For all stakeholders and decision-makers facing challenging transformations, turnarounds or restructurings, it is key to understand the businesses’ options, which are fix, sell or close, and carefully evaluate how these options can be implemented, without taking disproportionate economic risks, so called value erosion, for stakeholders or legal risks for companies themselves as well as its Board members and Management.
Notes to editor
Methodology
To illustrate the potential need for restructuring and the financial impact of COVID-19, A&M analysed the development of the financial and earnings position of Swiss companies with more than CHF100 million revenues (excluding financial institutions and real estate companies) in FY 2019 and FY 2020.

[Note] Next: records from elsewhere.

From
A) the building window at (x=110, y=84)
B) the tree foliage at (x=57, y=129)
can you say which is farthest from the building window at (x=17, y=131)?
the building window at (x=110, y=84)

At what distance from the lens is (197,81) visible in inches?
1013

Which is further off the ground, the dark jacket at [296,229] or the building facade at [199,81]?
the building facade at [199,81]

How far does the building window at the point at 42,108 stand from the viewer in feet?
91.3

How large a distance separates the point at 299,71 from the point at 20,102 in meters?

A&M analysed and evaluated variables and ratios related to balance sheet (financial robustness) and income statement (earnings position), taking into account the sector affiliation. The evaluation is based on more than ten ratios on a scale from 0 (distressed / loss-making) to 10 (solid / very profitable). The result (Figure 1) is presented in a matrix with four quadrants, where each circle represents a company (size of circle = sales level). The four quadrants can be interpreted as follows:
- Quadrant No. 1: companies have a fundamentally solid balance sheet, but show weaknesses in their earnings or profit situation.

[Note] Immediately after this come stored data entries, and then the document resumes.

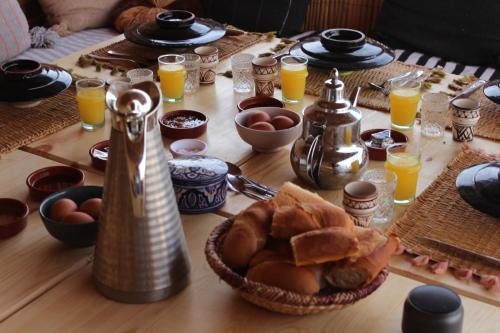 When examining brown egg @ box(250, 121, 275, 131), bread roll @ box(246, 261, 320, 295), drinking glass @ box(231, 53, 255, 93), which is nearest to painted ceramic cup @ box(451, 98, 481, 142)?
brown egg @ box(250, 121, 275, 131)

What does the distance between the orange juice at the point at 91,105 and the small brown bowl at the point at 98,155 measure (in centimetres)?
→ 17

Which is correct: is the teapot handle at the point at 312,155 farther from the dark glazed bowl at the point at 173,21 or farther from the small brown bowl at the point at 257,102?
the dark glazed bowl at the point at 173,21

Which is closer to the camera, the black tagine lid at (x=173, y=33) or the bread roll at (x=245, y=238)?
the bread roll at (x=245, y=238)

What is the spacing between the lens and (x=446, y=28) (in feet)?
10.5

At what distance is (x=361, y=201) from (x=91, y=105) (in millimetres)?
869

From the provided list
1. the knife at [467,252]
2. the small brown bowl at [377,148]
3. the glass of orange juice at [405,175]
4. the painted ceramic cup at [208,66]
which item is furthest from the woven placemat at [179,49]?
the knife at [467,252]

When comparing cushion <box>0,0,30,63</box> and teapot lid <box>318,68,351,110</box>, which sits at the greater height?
teapot lid <box>318,68,351,110</box>

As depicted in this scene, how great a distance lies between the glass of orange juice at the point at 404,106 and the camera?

- Quadrant No. 2: includes companies that have a solid balance sheet and robust earnings situation
- Quadrant No. 3: comprises companies that have (significant) deficits in terms of both their financial and earnings situation. These therefore have insufficient liquidity and/or inadequate capital structure and, at the same time, weak/insufficient profitability. Some of these companies are therefore likely to be challenged or "financial (di)stress".
- Quadrant No. 4: shows companies with a robust earnings/profit performance but insufficient liquidity and/or inadequate capital/financing structure.